- Arcade flyer
- Developer: Konami
- Publisher: Konami
- Composers: Tsutomu Ogura Kenichiro Fukui
- Platform: Arcade
- Release: JP: 1992; NA: April 1992; EU: 1992;
- Genres: Third-person, rail shooter, shoot-'em-up
- Modes: Single-player, multiplayer

= G.I. Joe (1992 video game) =

1992 video game

G.I. Joe is a third-person rail shooter video game produced by Konami and released in 1992 for video arcades. It is based on the cartoon series G.I. Joe: A Real American Hero and stars four characters from the show: Duke, Snake Eyes, Scarlett, and Roadblock.

==Gameplay==
The game is a third-person rail shooting game, in which each player chooses one of four G.I. Joe operatives: Duke, Snake Eyes, Scarlett, or Roadblock. Up to four people can play the game at once. Each character either stands or automatically runs forward in a 3D perspective, and their player can use the joystick to move them left or right as well as raise or lower an aiming crosshair: this allows for the latter's movement through most of the screen. Each character is armed with a gun that has unlimited ammunition, as well as a missile launcher which comes with 3 or 5 missiles and can hold up to nine.

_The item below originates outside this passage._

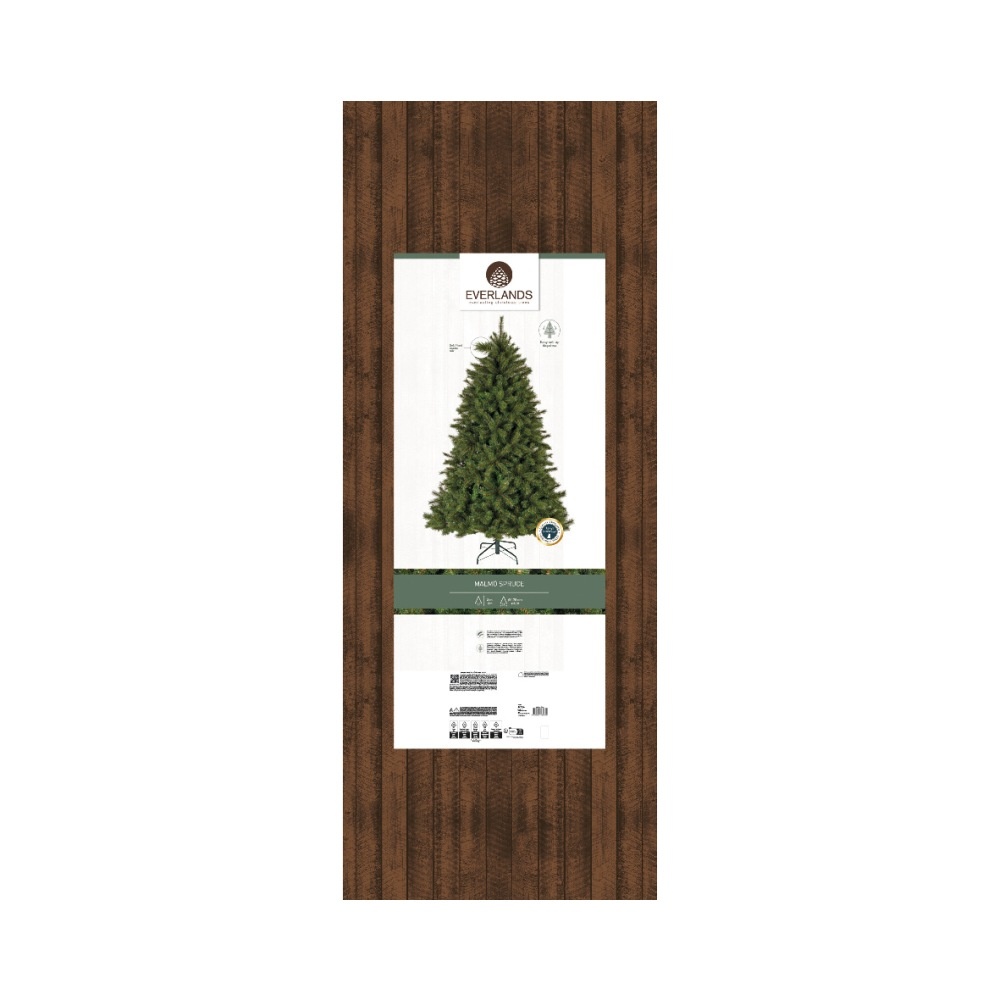 Malmö kunstkerstboom 300xø175cm | groen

Players use these weapons via a standard shoot button, and a missile launch button that allows for larger-scale destruction at the cost of one charge. Power-ups can be acquired that allow the player rapid fire by holding down the shoot button, add another missile to their supply, or restore their character's life energy.

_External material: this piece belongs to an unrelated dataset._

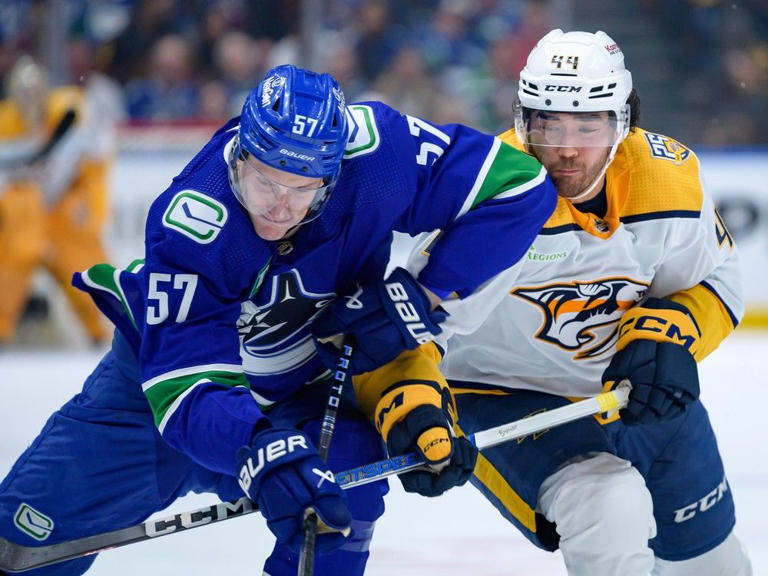 Canucks Notebook: How Tyler Myers went from suspension to plaudits for inspired play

The object of the game is to find Cobra's hidden stronghold and stop Cobra Commander's latest campaign to take over the world. There are three missions in the game, each composed of several areas, including a chemical plant, an air base, a weapon plant, a jungle, a cavern base, and a battleship. Enemies include Viper soldiers and various Cobra vehicles such as FANG II, HISS II, Razorback and Hurricane. The bosses consist of Tomax and Xamot, Metal-Head, The Baroness, Major Bludd and Destro, with the final battle taking place between the G.I. Joe team and Cobra Commander.

==Reception==
RePlay reported G.I. Joe to be the seventh most-popular arcade game at the time. Computer and Video Games gave the arcade game a positive review in its July 1992 issue, scoring it 346 out of 400. Electronic Gaming Monthly also gave the arcade game a positive review in its October 1992 issue. AllGame gave the title a positive review as well.